Yesterday we discussed Pando, a geo-replication system achieving near-optimal latency-cost tradeoff in storage systems. Pando uses large Flexible Paxos deployments and erasure coding to do its magic. Pando relies on having many storage sites to locate sites closer to users. It then uses Flexible Paxos to optimize read and write quorums to have the best latency for a particular workload. Finally, erasure reduces the cost associated with having many storage sites. There are a few caveats to the paper. First is the slowness of the (Flexible) Paxos protocol, as it requires two phases to complete an operation. Pando addresses this issue with a cool use of delegate nodes — one of the nodes from phase-1 quorums acts as a delegate on behalf of the client-proposer to collect phase-1 acks and start phase-2. This can save significant latency, getting the full two-rounds in geo deployments closer to the one round RTT of a regular proposer-driven Paxos. The second problem is the quorum overlaps when using erasure coding. If the data is split into k parts, we need to ensure the k-nodes overlap between the read and write quorums, making erasure coding detrimental to achieving low latency. This k-nodes overlap is needed to restore the latest version of the data, as having fewer than k-nodes with the latest version is not enough to reconstruct the data. Pando, however, first tries to read from a smaller quorum that guarantees just one node overlap and hopes that there will be enough nodes that have received the update by the time a read is issued. If there are no k nodes to reconstruct the data, Pando continues waiting for more nodes to respond to get to that large quorum with k-nodes overlap.
The presentation video:
1) ConfigManager. ConfigManager is a component of Pando that computes desirable quorums and delegates for each key and key’s access pattern. We felt like this ConfigManager is very important for the performance of Pando, and it was rather under-specified in the paper. For example, we were wondering if it is possible to make the ConfigManager dynamic and make it learn the workload paters and adjust as needed.
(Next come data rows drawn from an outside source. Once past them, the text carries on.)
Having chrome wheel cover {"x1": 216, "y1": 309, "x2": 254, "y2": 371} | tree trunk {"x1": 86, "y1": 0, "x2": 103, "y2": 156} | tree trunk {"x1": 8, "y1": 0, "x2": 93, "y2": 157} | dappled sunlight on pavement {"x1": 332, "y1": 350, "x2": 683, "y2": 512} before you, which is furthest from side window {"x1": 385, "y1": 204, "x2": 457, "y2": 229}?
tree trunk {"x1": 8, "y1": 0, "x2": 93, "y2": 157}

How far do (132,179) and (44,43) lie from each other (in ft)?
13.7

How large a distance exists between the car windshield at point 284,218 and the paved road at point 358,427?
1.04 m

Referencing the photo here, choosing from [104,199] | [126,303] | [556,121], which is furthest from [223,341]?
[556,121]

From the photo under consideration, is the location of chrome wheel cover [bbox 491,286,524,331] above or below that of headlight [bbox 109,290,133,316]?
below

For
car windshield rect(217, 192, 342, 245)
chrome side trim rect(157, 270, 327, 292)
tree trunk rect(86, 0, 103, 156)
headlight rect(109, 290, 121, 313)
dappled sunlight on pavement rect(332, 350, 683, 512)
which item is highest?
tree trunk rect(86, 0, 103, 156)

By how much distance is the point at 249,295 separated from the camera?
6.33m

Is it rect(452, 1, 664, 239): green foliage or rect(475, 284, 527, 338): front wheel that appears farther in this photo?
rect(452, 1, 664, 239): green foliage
2) Read consistency. Pando uses quorum reads while using Paxos for writes. Naively reading from a quorum is dangerous and can lead to linearizability problems, yet the reads are not discussed in detail in the paper. The paper briefly in one sentence mentions that to enable quorum reads a global acknowledgment is needed to make sure all nodes know a value has been committed. But Pando does not explain how such commitment works and does not study the performance consequences of this. For example, if a value has been accepted by all nodes, but the commit message is still in flight, does the client read the previous value, or does it retry? If the read quorum has some nodes that have received the commit messages, and some that do not, is it safe to read a new value, or a retry is needed? We do not think it is safe to read, and the paper seems to mention that in passing as well. There are quite a few more questions around the reads and their safety here, so we wished the paper addressed the reads in greater detail.
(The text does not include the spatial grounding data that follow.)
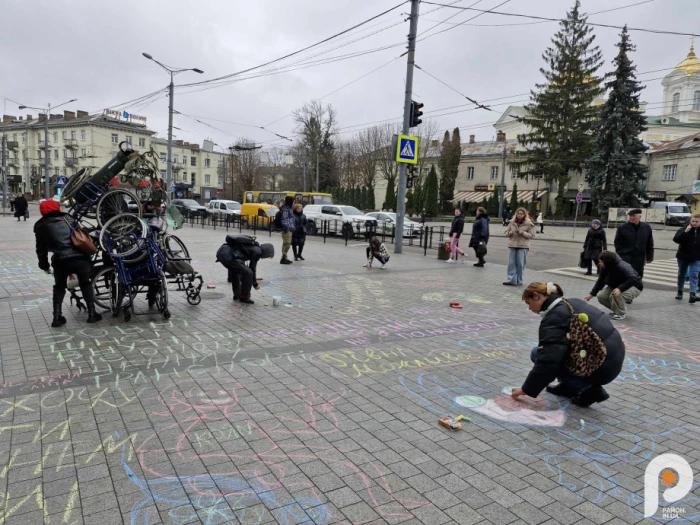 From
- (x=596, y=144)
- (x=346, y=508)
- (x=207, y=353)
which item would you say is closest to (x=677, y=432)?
(x=346, y=508)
3) Rare conflicts. One of the motifs in the paper is that conflicts are rare in scenarios Pando is designed for. This influences a lot of design, as most of the systems are written to work well in the conflict-free case, and somehow address conflict case. For example, when two clients try to write on the same key/document, that will cause a conflict, and Paxos is not very good at handling it due to the dueling-leader problem. Same for the read problem above in (2), as we feel like conflicts will cause the retries, significantly impacting the performance. What is interesting is that despite largely conflict-free evaluation, Pando did better than Fast Paxos in latency, a protocol designed for 1 RTT consensus in conflict-free cases. We feel like the reason is that Pando can get its writes close to 1 RTT with the clever delegates trick, while it can keep the read quorums small to optimize for latency, while Fast Paxos approach is stuck with larger quorums for reads.
4) Quorum Size. We have spent quite a bit of time discussing quorum sizes. We were confused a bit about the quorum descriptions from the paper, but in the end, we were able to figure out our misunderstanding.
5) Comparison with Atlas. Pando extensively compares with EPaxos. Atlas is a newer, EPaxos-influenced protocol, so we were curious about how the two would compare.
6) Scalability. Reducing latency is very important for WAN setups, however, we felt that the paper is not addressing the throughput question. Having too many nodes may have an impact on scalability/throughput. Since Pando uses the clients as proposers, the grunt of dealing with too many storage replicas goes to the clients, and scalability should not be impacted that much. However, the delegates may become the bottlenecks for some workloads.
7) Delegates for throughput. Pando uses delegates to improve latency. We noticed that a somewhat similar idea is used in Compartmentalized Paxos and PigPaxos to improve the throughput instead.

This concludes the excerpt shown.